* **Task instructions**
From the line with "Slimme laadinfrastructuur voor e-bikes 6" through the line with "SERIES PLUSH CARLOTTA", inclusive, return each line of the data below exactly and leave the rest out.

* **Data provided**

-.-.-

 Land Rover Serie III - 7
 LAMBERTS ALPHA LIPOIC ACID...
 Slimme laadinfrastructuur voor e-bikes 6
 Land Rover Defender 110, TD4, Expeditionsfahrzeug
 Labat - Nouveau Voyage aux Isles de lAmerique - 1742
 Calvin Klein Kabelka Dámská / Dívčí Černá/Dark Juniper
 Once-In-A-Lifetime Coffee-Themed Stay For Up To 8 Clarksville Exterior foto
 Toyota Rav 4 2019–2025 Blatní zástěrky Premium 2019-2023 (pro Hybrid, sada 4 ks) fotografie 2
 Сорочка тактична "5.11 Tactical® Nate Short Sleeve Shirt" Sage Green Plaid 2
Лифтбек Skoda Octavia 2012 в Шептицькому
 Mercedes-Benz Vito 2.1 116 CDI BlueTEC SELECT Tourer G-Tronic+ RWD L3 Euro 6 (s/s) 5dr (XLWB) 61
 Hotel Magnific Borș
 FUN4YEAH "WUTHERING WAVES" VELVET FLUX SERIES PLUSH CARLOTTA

-.-.-

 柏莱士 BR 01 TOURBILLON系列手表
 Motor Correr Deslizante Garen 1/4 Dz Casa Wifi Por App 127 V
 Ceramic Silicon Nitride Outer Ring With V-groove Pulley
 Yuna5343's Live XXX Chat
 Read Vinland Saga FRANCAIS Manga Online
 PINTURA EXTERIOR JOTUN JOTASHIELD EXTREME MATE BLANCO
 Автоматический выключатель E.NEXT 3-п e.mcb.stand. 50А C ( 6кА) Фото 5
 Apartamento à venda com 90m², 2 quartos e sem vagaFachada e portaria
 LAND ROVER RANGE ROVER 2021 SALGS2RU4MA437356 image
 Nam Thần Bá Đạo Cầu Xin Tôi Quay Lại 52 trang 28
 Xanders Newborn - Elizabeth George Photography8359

-.-.-

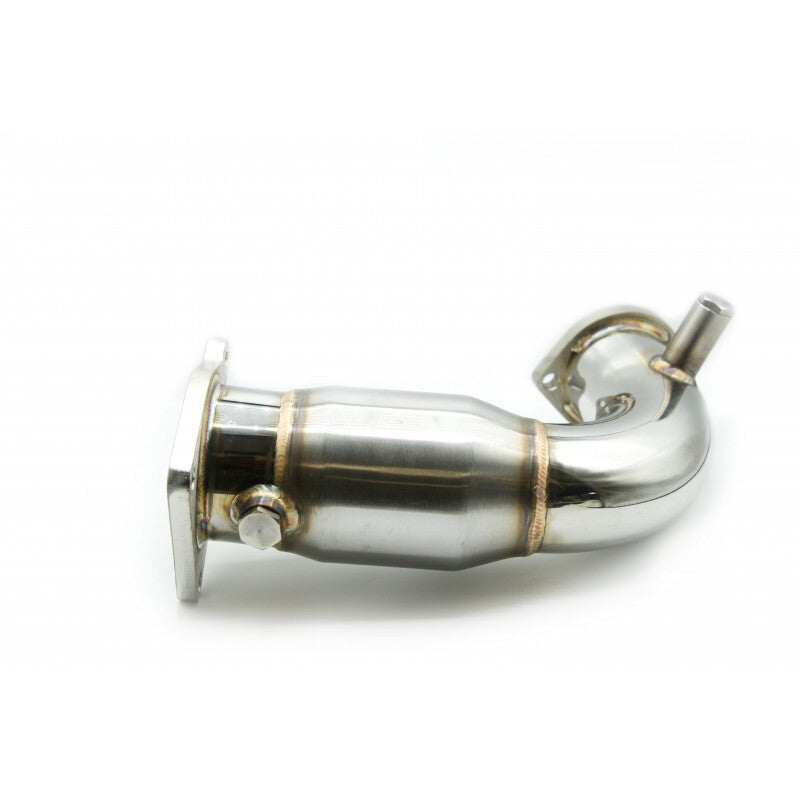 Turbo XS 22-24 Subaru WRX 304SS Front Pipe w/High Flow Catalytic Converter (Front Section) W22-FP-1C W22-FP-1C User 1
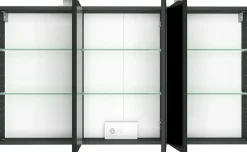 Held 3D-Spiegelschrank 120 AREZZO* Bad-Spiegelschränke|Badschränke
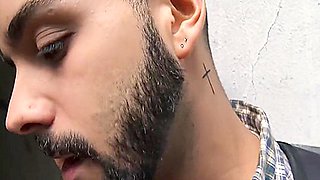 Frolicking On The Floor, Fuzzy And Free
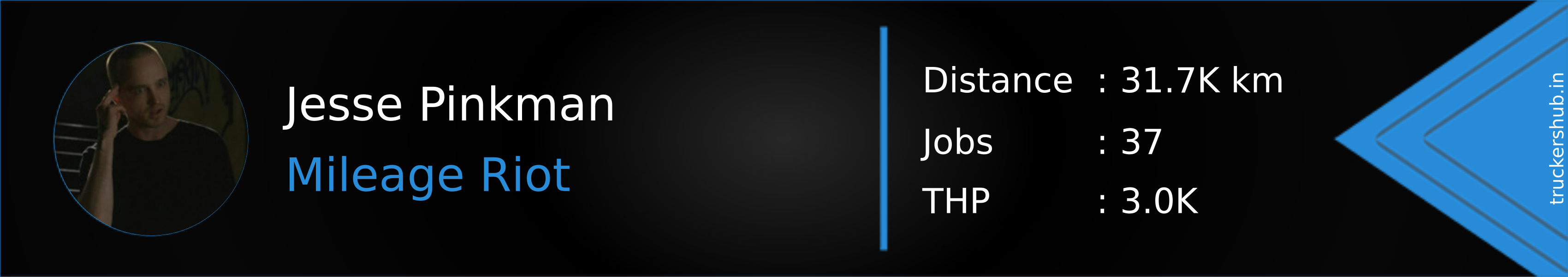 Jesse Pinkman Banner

-.-.-

* **Task solution**
 Slimme laadinfrastructuur voor e-bikes 6
 Land Rover Defender 110, TD4, Expeditionsfahrzeug
 Labat - Nouveau Voyage aux Isles de lAmerique - 1742
 Calvin Klein Kabelka Dámská / Dívčí Černá/Dark Juniper
 Once-In-A-Lifetime Coffee-Themed Stay For Up To 8 Clarksville Exterior foto
 Toyota Rav 4 2019–2025 Blatní zástěrky Premium 2019-2023 (pro Hybrid, sada 4 ks) fotografie 2
 Сорочка тактична "5.11 Tactical® Nate Short Sleeve Shirt" Sage Green Plaid 2
Лифтбек Skoda Octavia 2012 в Шептицькому
 Mercedes-Benz Vito 2.1 116 CDI BlueTEC SELECT Tourer G-Tronic+ RWD L3 Euro 6 (s/s) 5dr (XLWB) 61
 Hotel Magnific Borș
 FUN4YEAH "WUTHERING WAVES" VELVET FLUX SERIES PLUSH CARLOTTA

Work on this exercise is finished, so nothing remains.